The first match of the season offers an opportunity for the teammates to get to know each other better as players, McKayla Widener (12) said. “This season was a big shift for us because we lost two of our best players. We’ve been learning to work with each other, which takes more than just a few practices.”

Last Friday’s roster had Allinson playing first singles, Lita Crichton (11) playing second singles, and Amelia Feiner (12) playing third singles.

Ryu and Agarwal played first doubles against ECFS and won their match 6-1 for both sets, Ryu said.

On the court next to Ryu and Agarwal, Crichton played second singles in a match that lasted two hours. The entire team walked over to watch the final sets of the match, and cheered Crichton on after every point, whether she won or lost.

Crichton appreciated that the team watched her play, because it helped her stay focused despite the stress, she said. “The match, especially the first set, was high pressure because it kept going into deuce, 40-40, and most times I lost that point, which was pretty frustrating for me.”

After the final point of Crichton’s match, the team huddled together, as they did before the match began, preparing to do it all again in just a few days.

On Monday, the team played Convent of the Sacred Heart, and won the match with a score of 5-0, Allinson said.

Because Ryu played second singles instead of first doubles, Bella Colacino (10) stepped up to play doubles with Agarwal, Colacino said. Colacino and Agarwal defeated their opponents with a score of 6-0, 6-2, she said.

Monday’s match was the first time that Colacino played a match that counted in the team’s score, but she had been practicing for that moment, she said. “I try to do the best shots that I can during practice. I channel the same mental thinking when I’m in practice and when I’m in a match.”

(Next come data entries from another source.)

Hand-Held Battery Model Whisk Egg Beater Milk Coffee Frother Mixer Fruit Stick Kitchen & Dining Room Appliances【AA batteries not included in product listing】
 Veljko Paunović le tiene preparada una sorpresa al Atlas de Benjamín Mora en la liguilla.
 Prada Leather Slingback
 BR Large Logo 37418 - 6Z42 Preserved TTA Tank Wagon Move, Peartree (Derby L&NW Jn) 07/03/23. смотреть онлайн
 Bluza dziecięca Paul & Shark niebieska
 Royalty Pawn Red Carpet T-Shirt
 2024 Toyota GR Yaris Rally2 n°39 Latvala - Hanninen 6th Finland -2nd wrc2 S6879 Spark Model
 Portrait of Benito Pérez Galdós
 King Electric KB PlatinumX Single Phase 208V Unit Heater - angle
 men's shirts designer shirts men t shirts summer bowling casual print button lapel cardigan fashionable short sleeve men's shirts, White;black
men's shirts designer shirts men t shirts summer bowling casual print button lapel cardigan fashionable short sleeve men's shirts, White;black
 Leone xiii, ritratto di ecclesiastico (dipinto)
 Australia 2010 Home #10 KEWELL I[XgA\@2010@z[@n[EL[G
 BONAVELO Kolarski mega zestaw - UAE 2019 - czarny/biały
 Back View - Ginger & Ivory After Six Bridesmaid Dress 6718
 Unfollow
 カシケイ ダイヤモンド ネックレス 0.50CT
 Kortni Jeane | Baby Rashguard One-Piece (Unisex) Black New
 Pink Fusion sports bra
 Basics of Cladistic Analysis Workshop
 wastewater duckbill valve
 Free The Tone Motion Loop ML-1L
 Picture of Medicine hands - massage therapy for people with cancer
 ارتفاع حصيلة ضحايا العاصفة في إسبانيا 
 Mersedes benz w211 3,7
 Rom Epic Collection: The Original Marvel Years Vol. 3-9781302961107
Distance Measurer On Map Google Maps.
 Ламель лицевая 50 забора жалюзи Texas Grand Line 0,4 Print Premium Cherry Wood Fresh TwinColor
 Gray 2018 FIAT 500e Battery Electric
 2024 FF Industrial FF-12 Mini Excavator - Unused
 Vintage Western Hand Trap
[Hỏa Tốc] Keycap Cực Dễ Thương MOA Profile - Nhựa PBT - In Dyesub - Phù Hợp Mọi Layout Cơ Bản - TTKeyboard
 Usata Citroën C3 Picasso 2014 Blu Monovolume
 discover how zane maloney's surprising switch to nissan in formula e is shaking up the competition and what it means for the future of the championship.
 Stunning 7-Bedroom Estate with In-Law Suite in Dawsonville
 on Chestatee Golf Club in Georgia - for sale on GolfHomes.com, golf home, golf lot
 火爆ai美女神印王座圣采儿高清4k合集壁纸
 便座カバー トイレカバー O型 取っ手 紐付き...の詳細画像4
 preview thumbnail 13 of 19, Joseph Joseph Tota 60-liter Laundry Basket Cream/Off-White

Allinson also pretends that she is playing a match when she practices, she said.

Allinson won her match 6-0, 6-1 against Convent of the Sacred Heart’s first singles player, she said.

The team will conclude their eventful week with a match this afternoon against Poly Prep Country Day School.

“I hope we all win our matches on Friday,” Allinson said. But whether they win or not, the team will cheer each other on at the end, she said.